The basic point of the passage from Cicero’s Laws cited here the other day reappears in the Westminster Confession of Faith (of all places) in the chapter on–coincidentally enough–marriage.
Treating incestuous marriages, the Divines say:
IV. Marriage ought not to be within the degrees of consanguinity or affinity forbidden by the Word. Nor can such incestuous marriages ever be made lawful by any law of man or consent of parties, so as those persons may live together as man and wife. The man may not marry any of his wife’s kindred, nearer in blood then he may of his own: nor the woman of her husband’s kindred, nearer in blood than of her own.
Where Cicero speaks of the higher law to which all positive law is accountable as the law of nature, the WCF here speaks of it as the Word. It is of course interesting, from our modern vantage-point, to note that the Divines considered the principles of the Word to be normative for civil law. But we should not, I think, get hung up on this point, for the mainstream of Christian theologians for centuries would have considered the moral law as explicated in Scripture to be harmonious with the law of nature–indeed, as its summary–because the author of both is God; and the civil prescription in this chapter, as set forth in the Word, is based, one may safely assume, upon moral principle. It stands to reason, then, that incestuous marriages violate not only the Word, but nature itself.

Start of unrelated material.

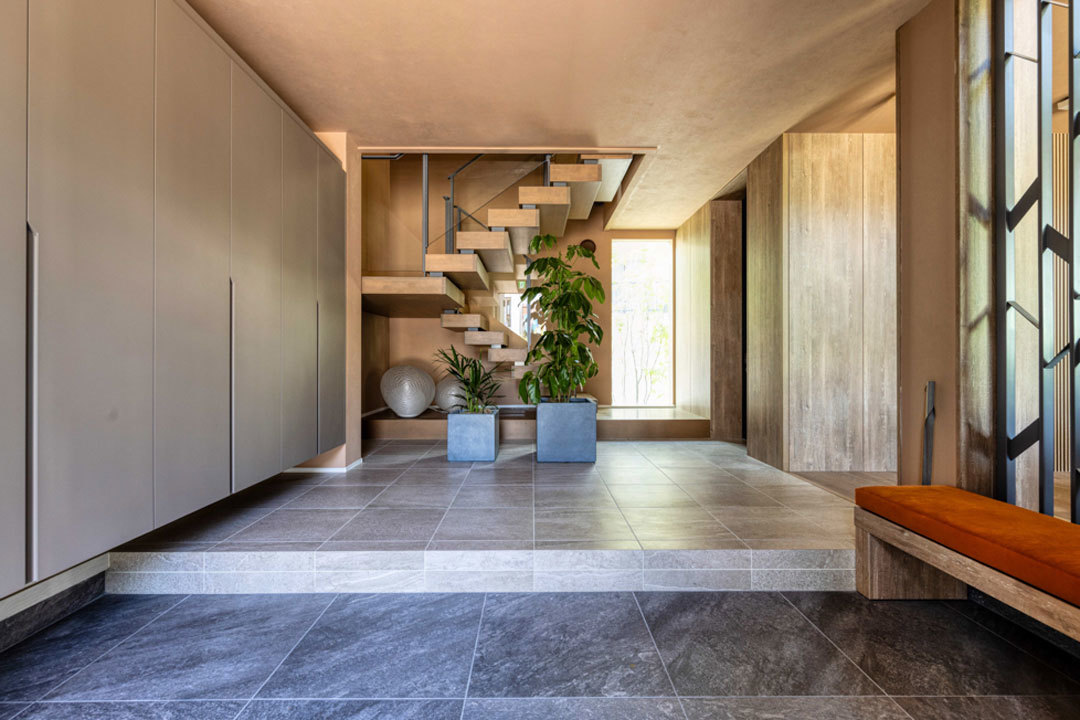 環八蒲田デシオ展示場_大容量の壁面収納を備えた玄関ホール。ダイナミックなオープン階段が印象的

What is significant is the reiteration, yet again, that simply making laws about certain actions or modes of relation does not make them lawful stricto sensu. If they do not answer to something metaphysically superior and more foundational, such laws are merely a trick of language with no ontological heft. I could, for instance, call my 2002 Nissan Maxima a 1950 Jaguar XK120. But I’m fairly certain I know what I’ll find in my driveway when I walk out the door tomorrow morning.